A combination of factors can be blamed for that, low voter turnout is probably at the top of the list, the left-wing vote being split by the Green Party running so many candidates, the BC Liberals running a rather repulsive smear campaign which brought up dirt on the BC NDP from ages ago, and the BC NDP responding with a tepid, “no negativity” campaign which failed to call the BC Liberals on their bullshit and let the public believe that the Liberals were the better choice on economic issues (all evidence to the contrary), and hints of either outright voter suppression or just poor training of Elections Canada staff.

Either way, I’ve been seeing a lot of people on my Facebook being angry and passive-aggressive towards non-voters, and those who do a protest vote by spoiling their ballots. Status updates like “Wow thanks a lot, non-voters, now we’ve got four more years of this”, or “Thanks for delivering a Liberal win again”.

I have a very different reaction though, from impotent anger at non-voters/protest voters. The reason is, I know people who don’t vote, and they are far from politically apathetic. They are involved in advocacy in a variety of capacities, whether its engaging in protest, letter-writing, direct action, donating time, money, or food/goods to causes they believe in, or getting involved in larger organizations or campaigns, ranging from IdleNoMore to the Unist’ot’en Camp to Divest UVic to Defend Our Coast to Amnesty International to Greenpeace.

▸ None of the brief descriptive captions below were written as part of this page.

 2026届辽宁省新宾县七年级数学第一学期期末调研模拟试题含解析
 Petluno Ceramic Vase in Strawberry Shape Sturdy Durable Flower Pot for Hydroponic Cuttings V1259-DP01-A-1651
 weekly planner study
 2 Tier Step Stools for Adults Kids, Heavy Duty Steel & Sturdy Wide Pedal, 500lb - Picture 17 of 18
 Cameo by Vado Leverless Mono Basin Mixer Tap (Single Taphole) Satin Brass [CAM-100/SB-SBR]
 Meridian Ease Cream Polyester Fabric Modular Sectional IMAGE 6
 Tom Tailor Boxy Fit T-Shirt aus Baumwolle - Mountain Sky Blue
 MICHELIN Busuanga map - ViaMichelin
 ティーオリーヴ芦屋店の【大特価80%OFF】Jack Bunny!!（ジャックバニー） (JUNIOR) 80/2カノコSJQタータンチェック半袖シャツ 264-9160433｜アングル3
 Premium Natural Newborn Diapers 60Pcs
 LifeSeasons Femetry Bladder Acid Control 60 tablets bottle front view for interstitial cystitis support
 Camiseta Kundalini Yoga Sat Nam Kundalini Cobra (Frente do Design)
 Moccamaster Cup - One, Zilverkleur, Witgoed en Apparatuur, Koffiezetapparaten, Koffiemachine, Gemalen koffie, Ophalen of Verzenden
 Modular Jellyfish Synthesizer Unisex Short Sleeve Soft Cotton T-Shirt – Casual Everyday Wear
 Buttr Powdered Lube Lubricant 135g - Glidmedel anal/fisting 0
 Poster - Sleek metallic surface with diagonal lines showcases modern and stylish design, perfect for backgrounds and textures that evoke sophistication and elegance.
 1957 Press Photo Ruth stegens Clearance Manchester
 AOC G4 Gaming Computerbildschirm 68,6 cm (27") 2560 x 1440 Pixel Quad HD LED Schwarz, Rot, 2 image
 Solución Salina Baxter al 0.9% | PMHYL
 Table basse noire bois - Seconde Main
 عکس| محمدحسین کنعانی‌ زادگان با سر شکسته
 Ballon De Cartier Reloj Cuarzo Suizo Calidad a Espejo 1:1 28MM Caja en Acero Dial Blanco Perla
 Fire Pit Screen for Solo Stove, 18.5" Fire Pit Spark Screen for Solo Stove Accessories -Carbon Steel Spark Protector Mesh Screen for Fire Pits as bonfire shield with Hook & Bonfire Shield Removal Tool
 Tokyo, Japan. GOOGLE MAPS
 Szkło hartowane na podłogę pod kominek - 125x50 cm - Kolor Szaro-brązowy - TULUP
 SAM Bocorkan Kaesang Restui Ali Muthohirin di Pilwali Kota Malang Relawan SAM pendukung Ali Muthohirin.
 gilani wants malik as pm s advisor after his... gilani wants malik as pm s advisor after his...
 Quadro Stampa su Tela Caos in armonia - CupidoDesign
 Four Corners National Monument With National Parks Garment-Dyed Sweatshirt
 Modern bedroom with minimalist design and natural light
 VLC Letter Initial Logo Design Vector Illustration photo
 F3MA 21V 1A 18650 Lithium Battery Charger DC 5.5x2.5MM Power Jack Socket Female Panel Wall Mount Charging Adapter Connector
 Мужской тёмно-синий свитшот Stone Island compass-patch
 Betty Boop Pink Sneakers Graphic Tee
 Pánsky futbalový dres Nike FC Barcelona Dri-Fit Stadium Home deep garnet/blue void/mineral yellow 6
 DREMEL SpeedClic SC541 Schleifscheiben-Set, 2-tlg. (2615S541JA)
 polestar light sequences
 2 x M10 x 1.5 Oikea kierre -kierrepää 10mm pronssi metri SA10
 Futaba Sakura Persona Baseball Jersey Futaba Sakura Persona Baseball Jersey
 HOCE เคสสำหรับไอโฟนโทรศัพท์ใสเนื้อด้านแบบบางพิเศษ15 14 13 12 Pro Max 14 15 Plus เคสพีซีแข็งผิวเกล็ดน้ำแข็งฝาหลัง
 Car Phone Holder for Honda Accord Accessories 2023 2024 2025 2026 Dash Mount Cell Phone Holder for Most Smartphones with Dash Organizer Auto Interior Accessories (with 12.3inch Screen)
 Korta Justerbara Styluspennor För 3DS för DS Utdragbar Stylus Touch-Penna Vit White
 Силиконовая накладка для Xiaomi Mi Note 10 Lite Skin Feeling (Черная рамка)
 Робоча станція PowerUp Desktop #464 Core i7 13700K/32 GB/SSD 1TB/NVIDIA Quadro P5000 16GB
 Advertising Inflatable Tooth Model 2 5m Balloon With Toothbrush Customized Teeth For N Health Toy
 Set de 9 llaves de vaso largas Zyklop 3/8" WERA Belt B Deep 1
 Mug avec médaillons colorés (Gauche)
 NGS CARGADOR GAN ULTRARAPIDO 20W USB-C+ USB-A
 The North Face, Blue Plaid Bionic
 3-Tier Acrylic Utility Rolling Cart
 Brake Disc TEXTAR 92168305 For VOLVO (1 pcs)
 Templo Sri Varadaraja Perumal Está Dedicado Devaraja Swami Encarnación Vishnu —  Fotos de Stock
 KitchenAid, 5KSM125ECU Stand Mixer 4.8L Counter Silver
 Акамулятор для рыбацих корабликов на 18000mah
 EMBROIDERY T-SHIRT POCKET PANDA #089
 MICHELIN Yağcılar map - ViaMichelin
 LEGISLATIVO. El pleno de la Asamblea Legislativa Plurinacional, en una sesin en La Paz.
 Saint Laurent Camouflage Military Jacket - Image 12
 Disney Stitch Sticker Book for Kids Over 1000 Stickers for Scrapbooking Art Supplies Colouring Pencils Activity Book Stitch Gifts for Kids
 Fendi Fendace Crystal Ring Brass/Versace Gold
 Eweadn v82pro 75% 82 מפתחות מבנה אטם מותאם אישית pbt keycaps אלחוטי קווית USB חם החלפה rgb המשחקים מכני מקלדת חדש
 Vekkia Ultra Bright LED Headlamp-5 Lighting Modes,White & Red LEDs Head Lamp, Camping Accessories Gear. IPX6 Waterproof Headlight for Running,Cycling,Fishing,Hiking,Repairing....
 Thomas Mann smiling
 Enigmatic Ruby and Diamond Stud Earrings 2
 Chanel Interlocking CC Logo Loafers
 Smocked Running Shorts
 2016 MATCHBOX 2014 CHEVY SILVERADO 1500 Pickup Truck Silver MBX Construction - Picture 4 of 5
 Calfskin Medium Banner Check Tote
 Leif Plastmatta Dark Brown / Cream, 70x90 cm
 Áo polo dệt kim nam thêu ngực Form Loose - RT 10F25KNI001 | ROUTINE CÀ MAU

I respect their reasons for not voting, because they are, every other day of the year, and sometimes on Election Day, out there fighting for what they believe in, and making a great deal of difference. I’ve seen some amazing results come about from these campaigns, and the passion and heart they pour into these projects is unparalleled. To tell you the truth, I feel that they make more of a difference every day than people whose idea of performing civic duty only extends to checking a box once every four years, and then otherwise passively trusting the politicians to do the right thing, or believing you have to wait until you can check a different box in a couple of years.

It would be nice if, right now, we had a party in power that were more receptive to the causes that me and my friends fight for. I am terrified for the vulnerable in BC. I fear for the future of our entire planet, with the tanker-happy Liberals in power once again. But if you are dissatisfied with the results and then just go back to your usual routine of disengagement after you didn’t get what you wanted, then it’s not the non-voting activists who are the real problem here. Have a look in the mirror, and ask yourself why you feel checking that box is the first, the last, and only way to speak up for what you believe in. It’s not. Join us in the streets, and come see what power comes from letting the politicians know that it ain’t over when the election’s over.

Oh, and if you’re wondering, I voted for Jessica Van Der Veen, an NDP candidate who was defeated by Green candidate Andrew Weaver in the Oak Bay riding. And you are most definitely not off the hook if you don’t vote and aren’t doing something to challenge this system and make things more fair and just.